The exclusion of computer program in the proposed bill makes it unclear under what circumstances reverse engineering would be allowed.


We would recommend that for clarity purposes a specific clause be added to the act that details under what circumstances a person is allowed to reverse engineer a product for protection of their own privacy. 

How does the proposed exception for the disabled undermine privacy?

In India under the current Copyright Act, 1957 there are no provisions for the benefit of disabled persons, thus currently permission from copyright holders needs to be exclusively sought every time the visually challenged person requires access. Under the Constitution of India and the Berne Convention, India has committed to enshrining the rights of the disabled. 

Proposed Legislation

The proposed amendment of the Act will  grant compulsory license in respect of publication of any copyrighted works not covered by the exception under section  52 (1) (zb).

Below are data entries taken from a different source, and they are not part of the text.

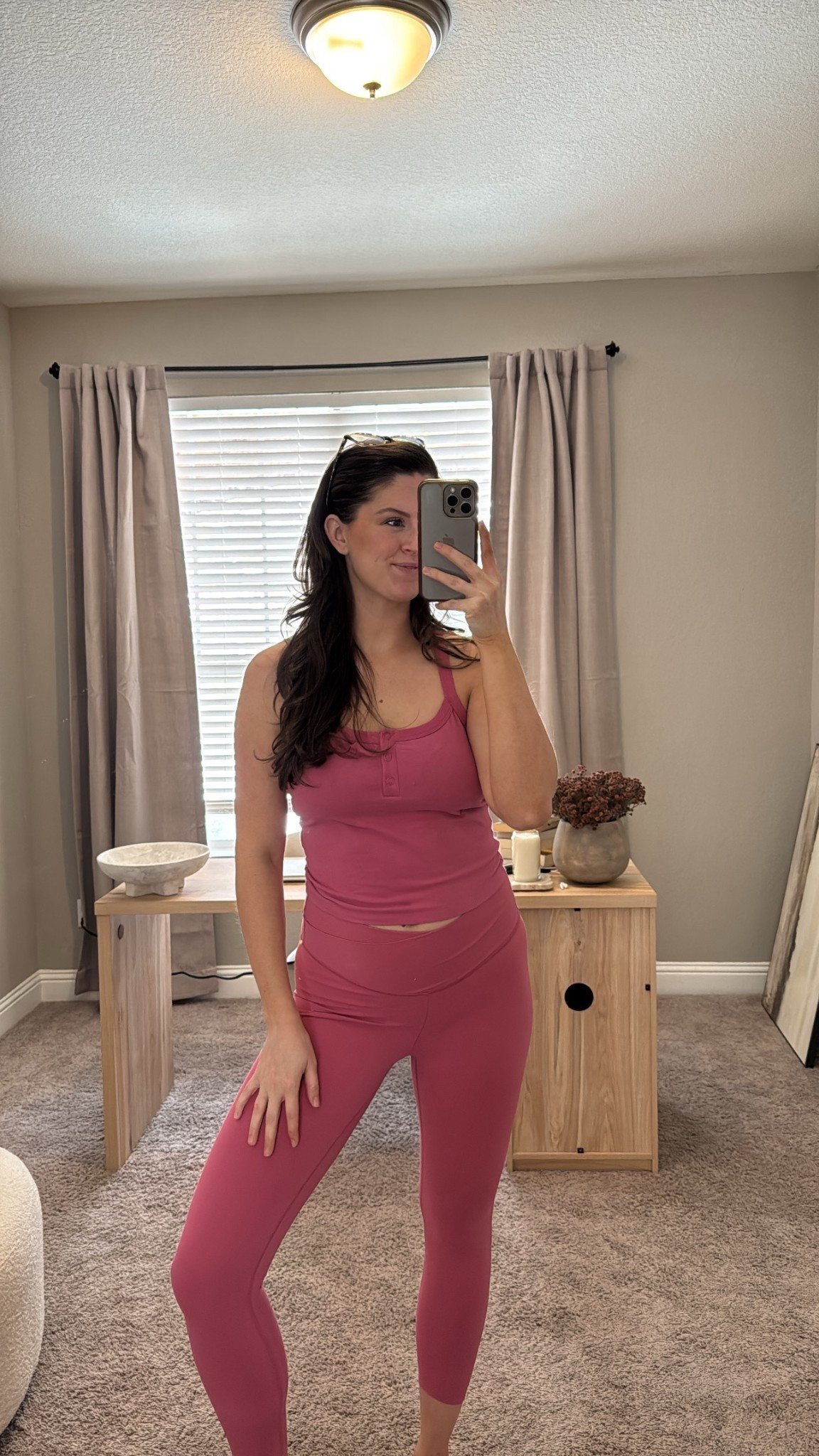 Softest workout set from Target! 

The cross high waist band is so flattering and SO COMFORTABLE on my stomach. It doesn't dig in or rub on my sensitive pregnant stomach at all. Catch me working out and sleeping in these lol. 

I love how this top has a built in padded sports bra, so I don't have ugly bra straps sticking our and ruining the look. 

Wearing L in both. Runs TTS

 

 #LTKmomlife #LTKActive #LTKBump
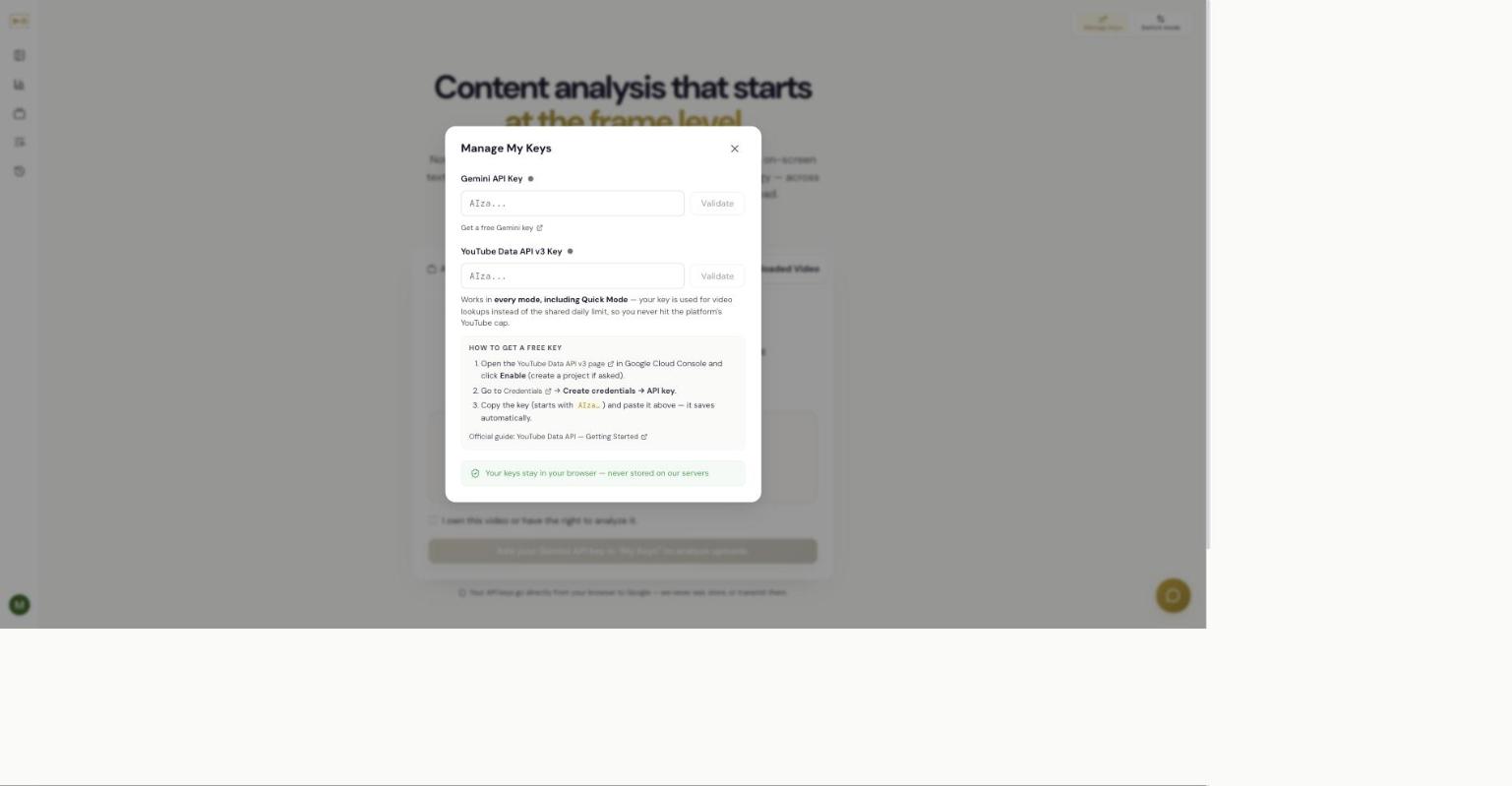 The Manage My Keys panel, with fields for a Gemini API key and a YouTube Data API v3 key, each with a Validate button.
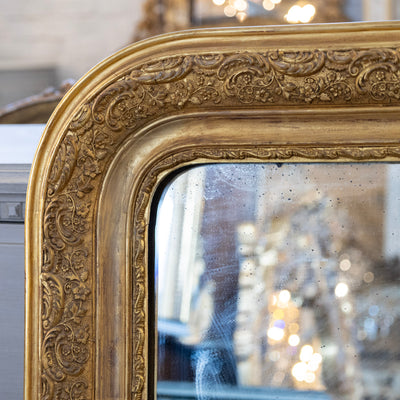 Louis Philippe Gilded Mirror – Intricately Carved Frame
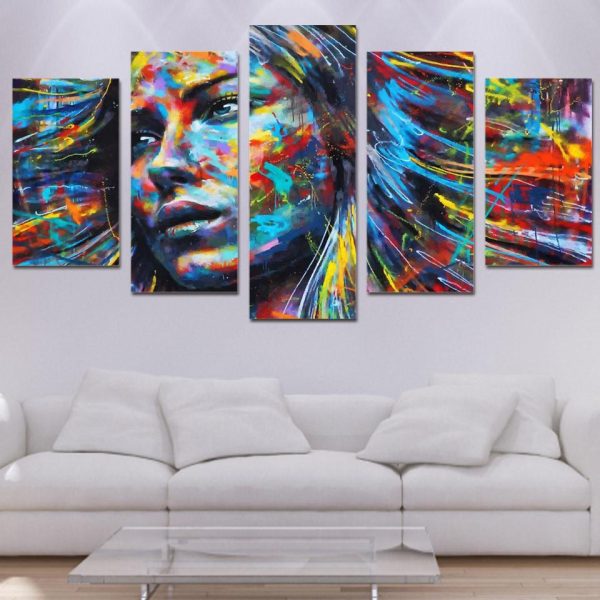 Colourful Painted Woman - Abstract 5 Panel Canvas Art Wall Decor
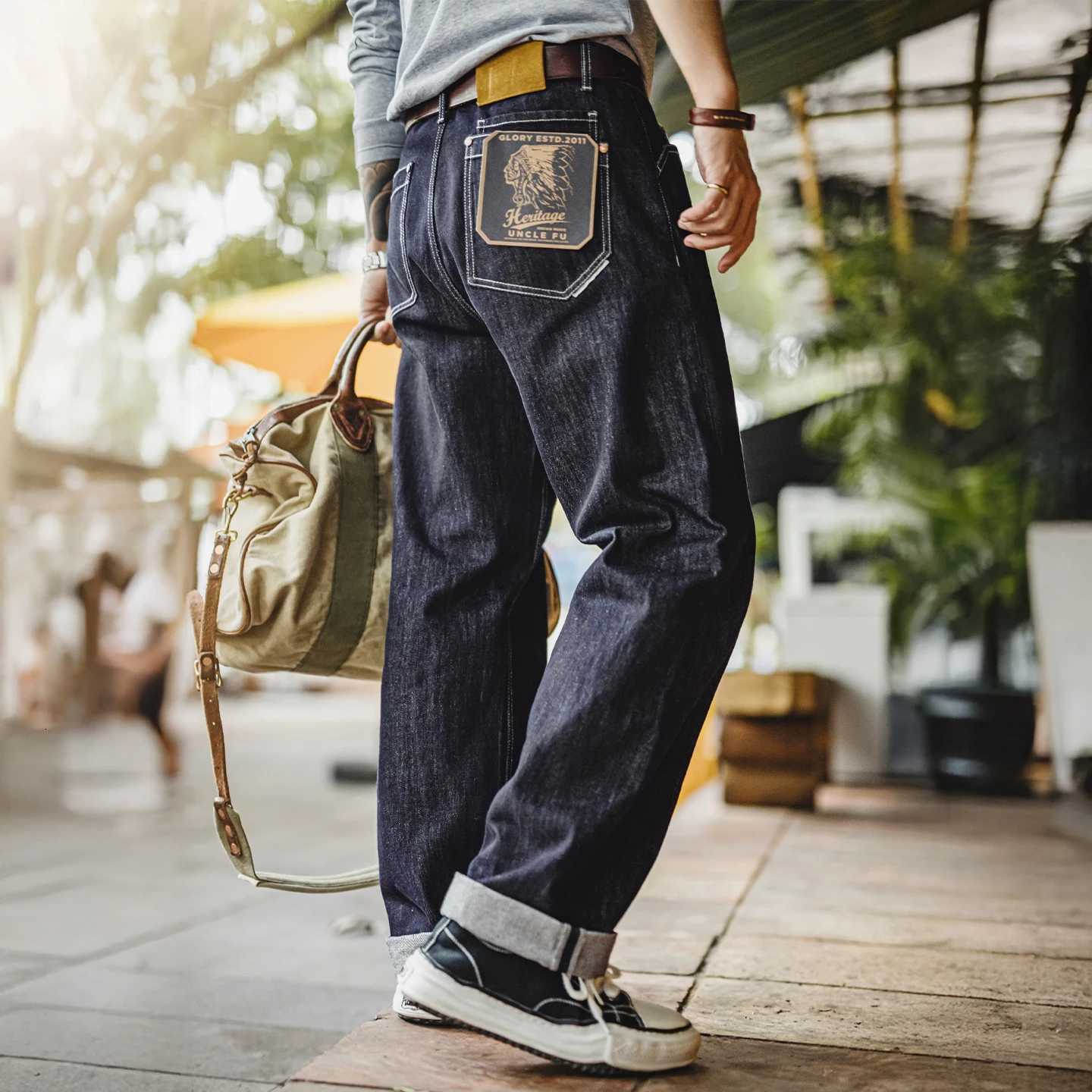 Maden Vintage 12oz One-Washed Denim Jeans for Men Straight Wide Leg Trousers Loose Fit Zip Fly Casual Pants for Fall Winter M251209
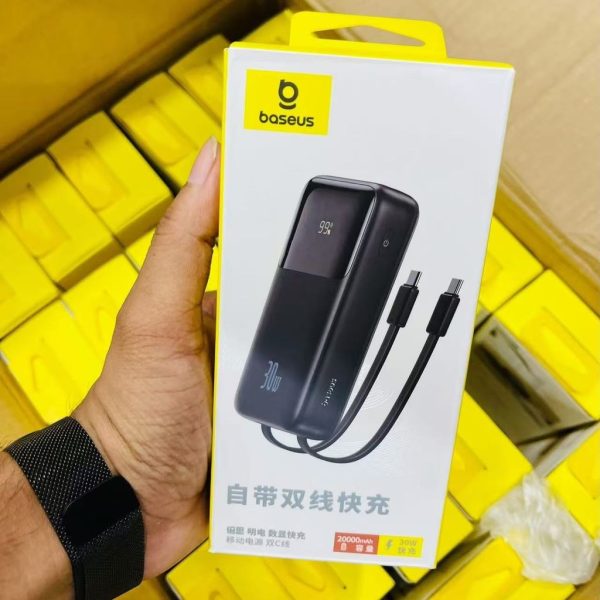Pin dự phòng Baseus 20.000mAh PPD20C sạc nhanh 30W, Tích hợp 2 dây sạc Type-C kép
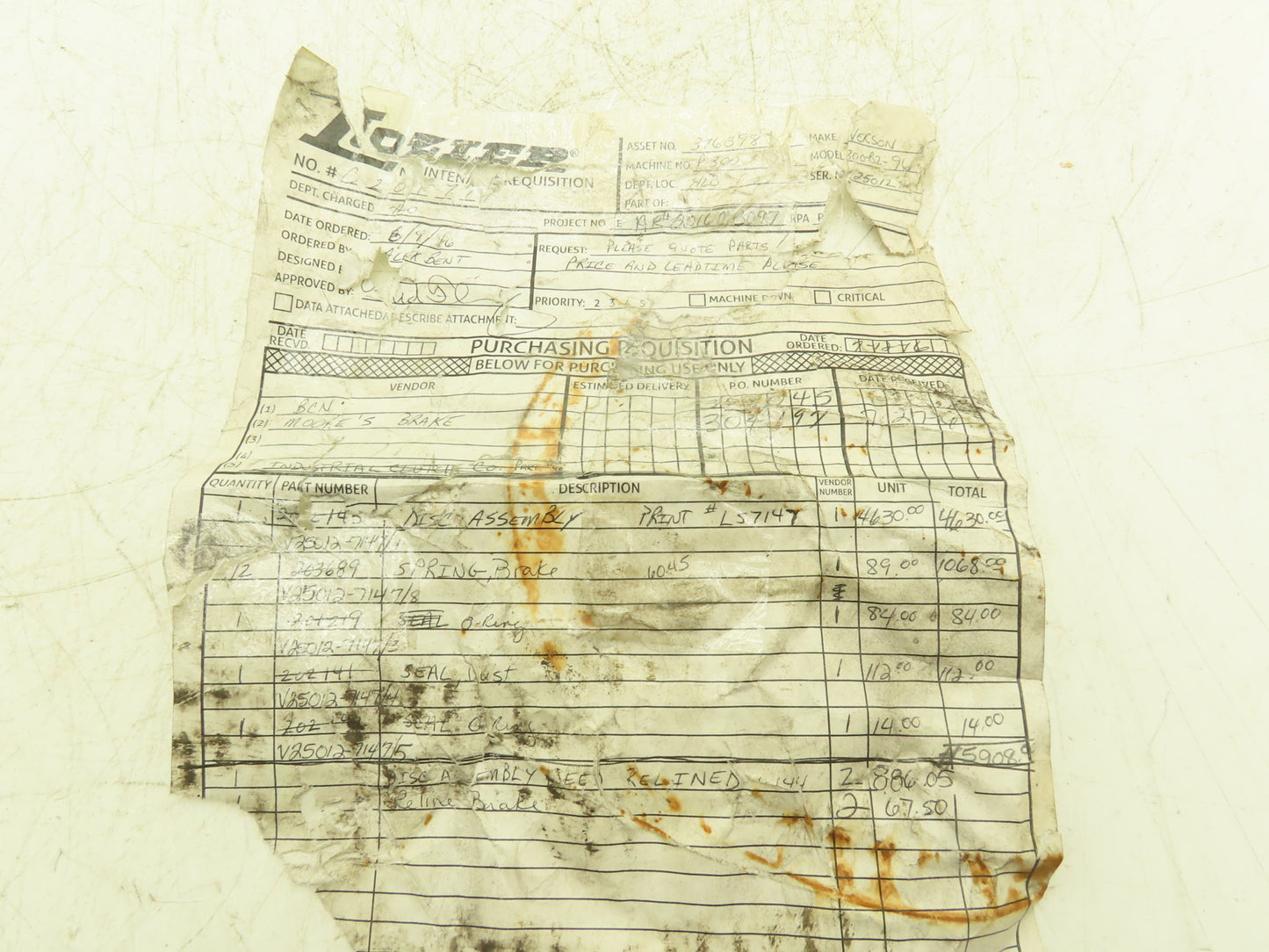 Verson 300-B2-96 300-Ton Punch Press Pneumatic Clutch Brake 24"OD Spring Set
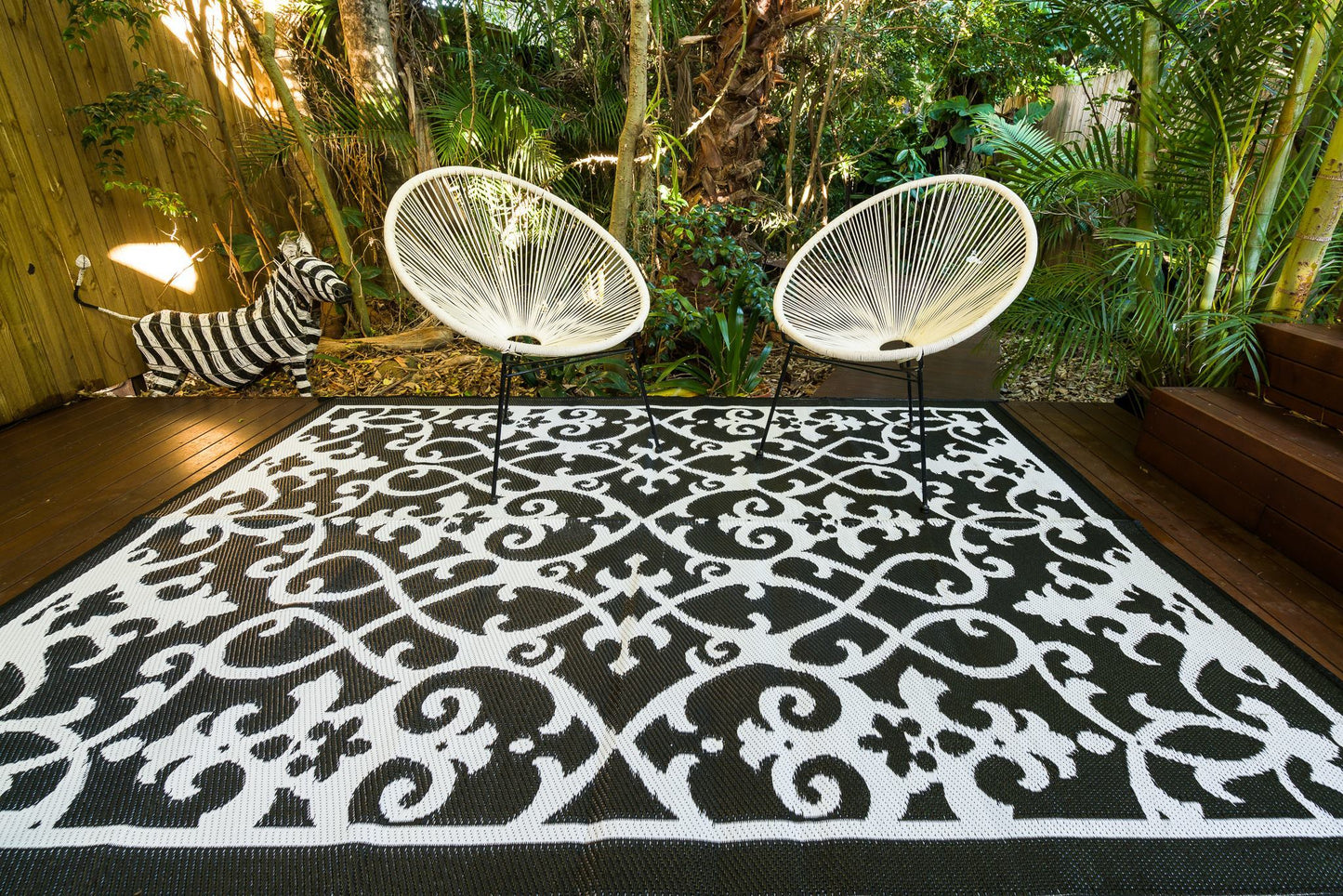 Gatsby  and white outdoor rug waterproof reversible camping mat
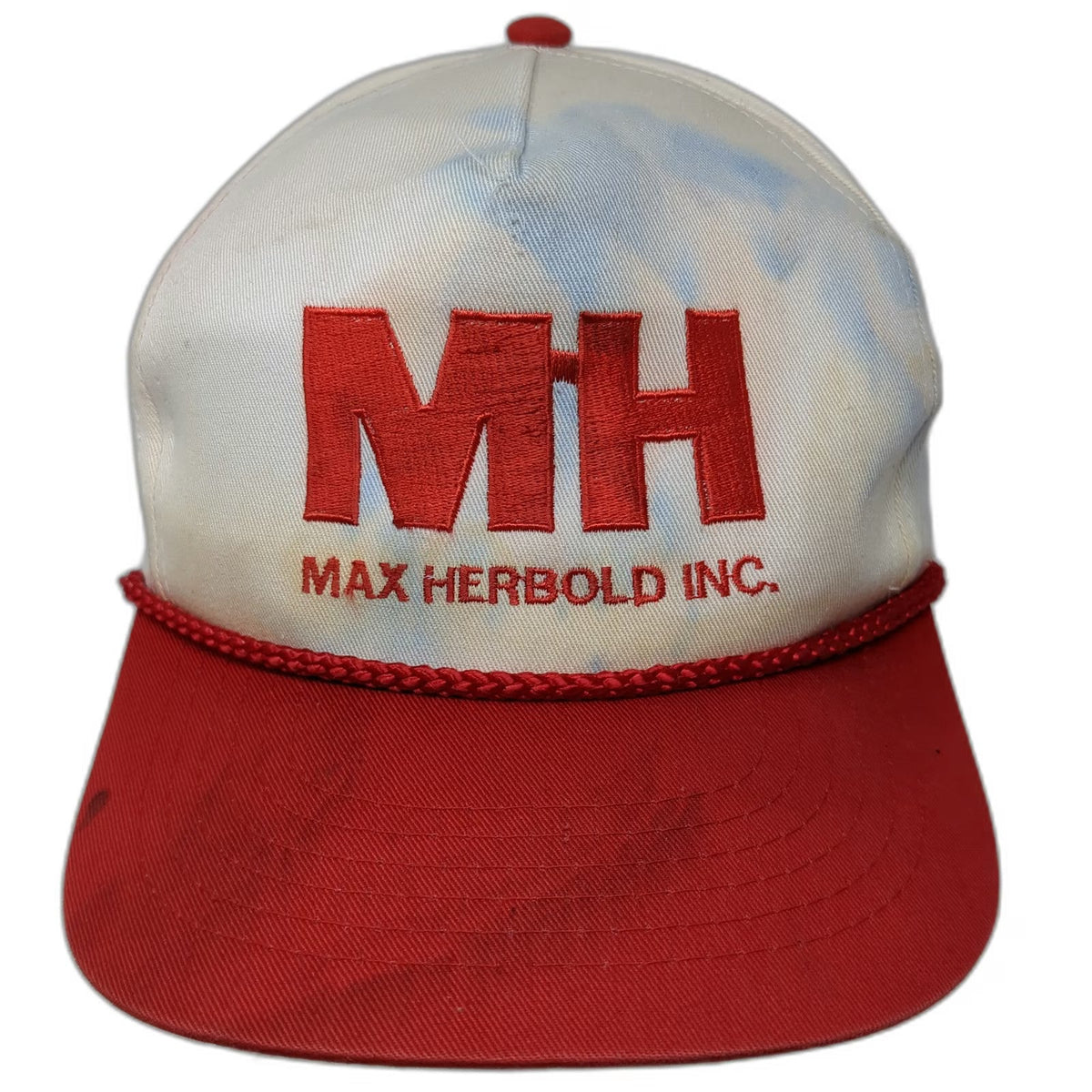 Max Herbold Inc 5 Panel Hat Red White One Size Rope Snapback Corporate Logo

The Bill also proposes a board that would establish the credentials of the applicant and satisfy itself that the application has been made in good faith. This compromises the anonymity that most individuals enjoy when a disabled person tries to access a digital library.


We recommend that the proposed Bill limits the authentication process a disabled person must go through when accessing digital libraries, etc, and the extent to which records are to be kept of transaction  This will serve to protect the anonymity and privacy of disabled persons.

What is On the horizon?

As copyright and IP is a constantly evolving issue, countries are consistently amending and changing their laws. With the flow of peoples across borders increasing, Indians will be affected by different international policies that could pose to infringe upon their privacy, for example, cross border checks or three strike regimes.  

Examples of Proposed Legislation: The Anti- Counterfeiting Trade Agreement

ACTA is a proposed legislation with the objective to combat counterfeiting and piracy. Partners in the negotiations include the United States, Australia, Canada, the European Union, Japan, Mexico, Morocco, New Zealand, Singapore, South Korea and Switzerland. The treaty will oblige each Contracting Party to adopt, in accordance with its legal system, the measures necessary to ensure the application of the treaty. Though ACTA has not been enacted, many worry that ACTA would facilitate privacy violations by trademark and copyright holders against private citizens suspected of infringement activities without any sort of legal due process. The Act would allow for random searches of laptops, MP3 players, and cellular phones for illegally downloaded or ripped music and movies. 


We find that copyright infringement does not appear to justify a three strike regime or cross border searches.  ACTA and other international treaties raise the question that if India became compliant with certain international standards, the standards would be too stringent without safeguards, and pose as a risk to a person’s privacy.